The company said the main driver for steel was its main customer group, the automotive industry, though demand was somewhat tainted by components and logistics issues in the automotive supply chain.
“There is muted dynamic. We know about the stoppages at Ford and others. We do not believe call-off figures will be the same as before,” Keysberg said at a press call for Thyssenkrupp’s Q2 results (January-March). “OEMs cannot produce as much as they can sell, but we believe the volumes will be taken up eventually.”
Restructuring of steel
In terms of the expected spin-off of the steel unit following several attempts to find an external partner or buyer, Keysberg said there would be no timeline for it but it would not happen this year. “There is no time pressure,” he said.
The sale of Italian stainless steelmaker AS Terni was ongoing and Thyssenkrupp said it would be in talks with several interested parties. Italian re-roller Marcegaglia said in April it would be “firmly” interested in acquiring Terni.
Thyssenkrupp has already cut 5,400 jobs out of the planned 12,000 job reductions across the units and does not currently anticipate the need for more.

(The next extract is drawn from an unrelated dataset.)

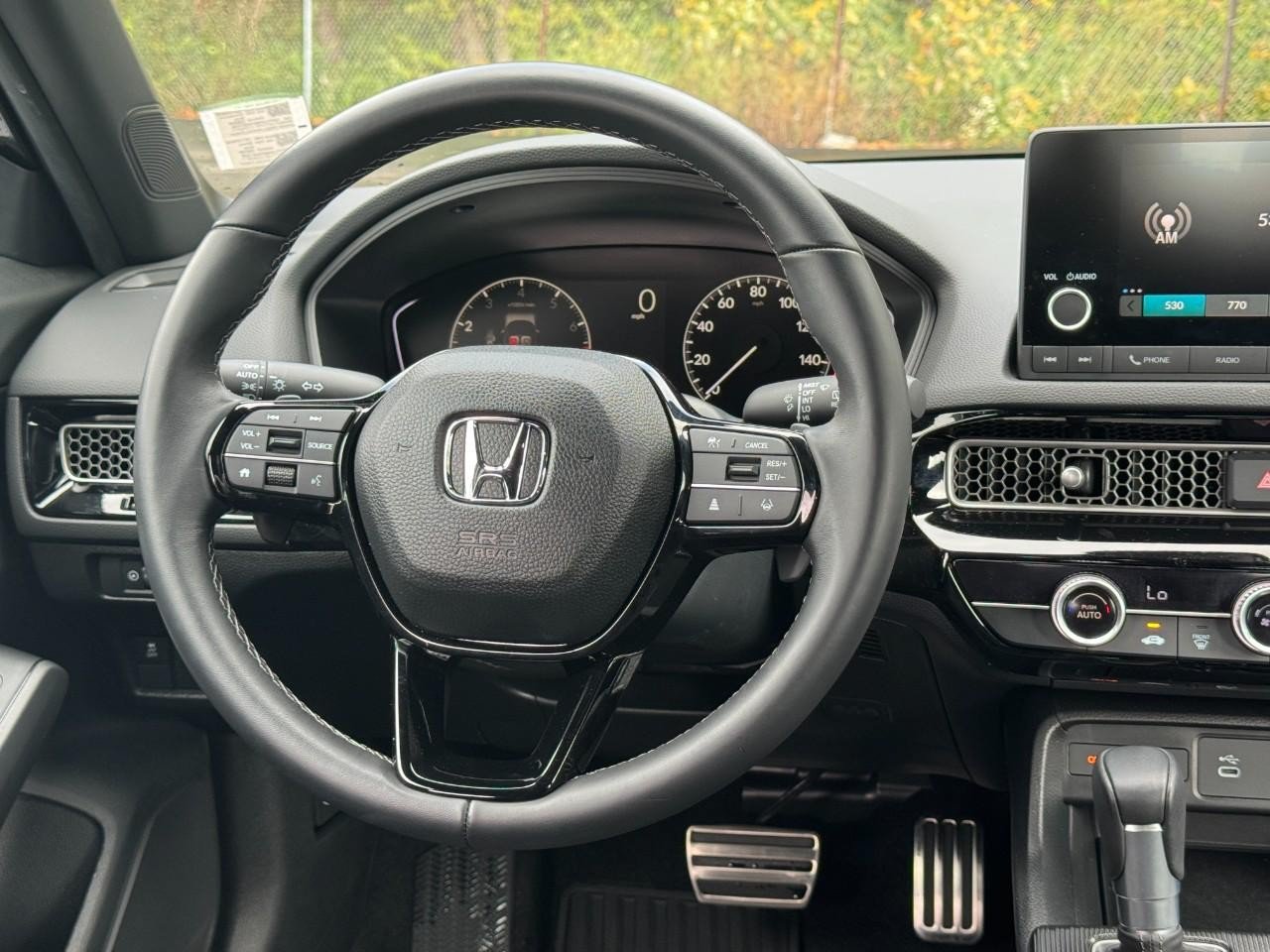 Certified 2026 Honda Civic Sport image 14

Thyssenkkrupp will keep the plan to reline one of its blast furnaces from July and will be pre-produce and purchase material for the approximately half year the blast furnace will be taken offline.

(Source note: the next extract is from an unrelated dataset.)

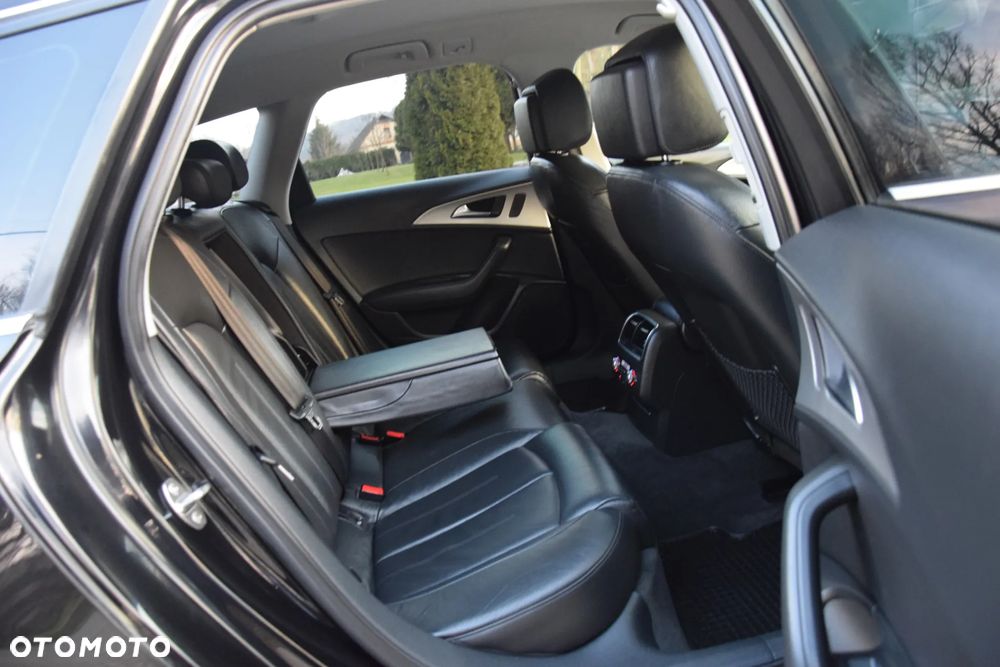 Audi A6 Avant 3.0 TDI DPF multitronic - 9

Market participants said they expected the reline and pre-production to intensify the steel shortage gripping the European market.
Steel unit Q2 performance
Keysberg said that due to the primary focus on contract business rather than spot, the effect of rapid steel price rises in the European steel market will be factored in with a time lag. The current all-time high in iron ore will also have to be factored into coming contract negotiations, he said.
“We have seen over the past weeks that iron ore is extremely high, which means it will effect margins and that we will be discussing this with OEMS,” Keysberg said.

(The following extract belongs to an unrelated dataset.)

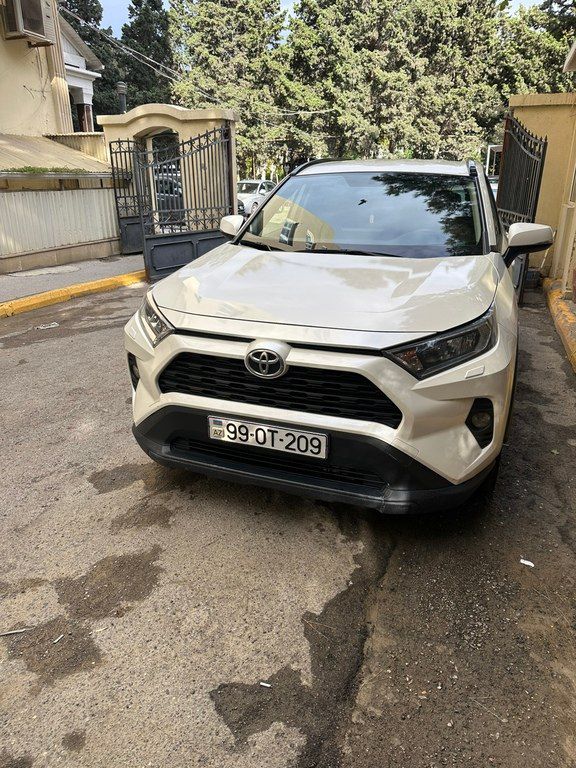 Toyota RAV4, 2.0 L, 2020 il, 98 000 km 99-OT-209 — Avtomobillər, Bakı (2)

According to analysis by S&P Global Platts, April’s HRC-raw materials spread at Eur632/mt ($765/mt), up from, from Eur477/mt in March, was the highest since at least April 2016 when the spreads were first tracked by Platts. A break-even for mills is estimated at Eur250/mt.
Keysberg hinted that higher production costs of green steel will have to be passed on to customers. He said there was no financial incentive for sustainability in the supply chain and for the auto industry to purchase green steel.
Crude steel production increased 5.7% year on year to 2.2 million mt at the integrated steelworks in the company’s financial Q2, largely stable quarter on quarter. Thyssenkrupp’s semis producer HKM saw an output increase of 5.6% to 756,000 mt, a quarter-on-quarter uptick of 1.7%.
Shipments of cold-rolled slightly decreased from 1.8 million mt in Q2 last year to 1.7 million mt Q2 this year, but saw a 6.3% increase quarter on quarter. Hot-rolled shipments grew from 122,000 mt Q2 last year to 129,000 mt this year, recording a 5.7% increase compared with the first quarter of the year.
At the material services unit, which includes the company’s steel distribution, sales were down by 3% year on year mainly due to materials shortages in the warehousing and distribution business. The unit did record higher sales only in Eastern Europe and at the European service centers.
For the current fiscal year Thyssenkrupp expects further continuing economic recovery, “albeit with subdued momentum”, the company said.
As a result of expected improvements Thyssenkrupp expects an adjusted EBIT to increase significantly towards a positive result in the “mid three-digit million euro range”. The previous forecast predicted break-even.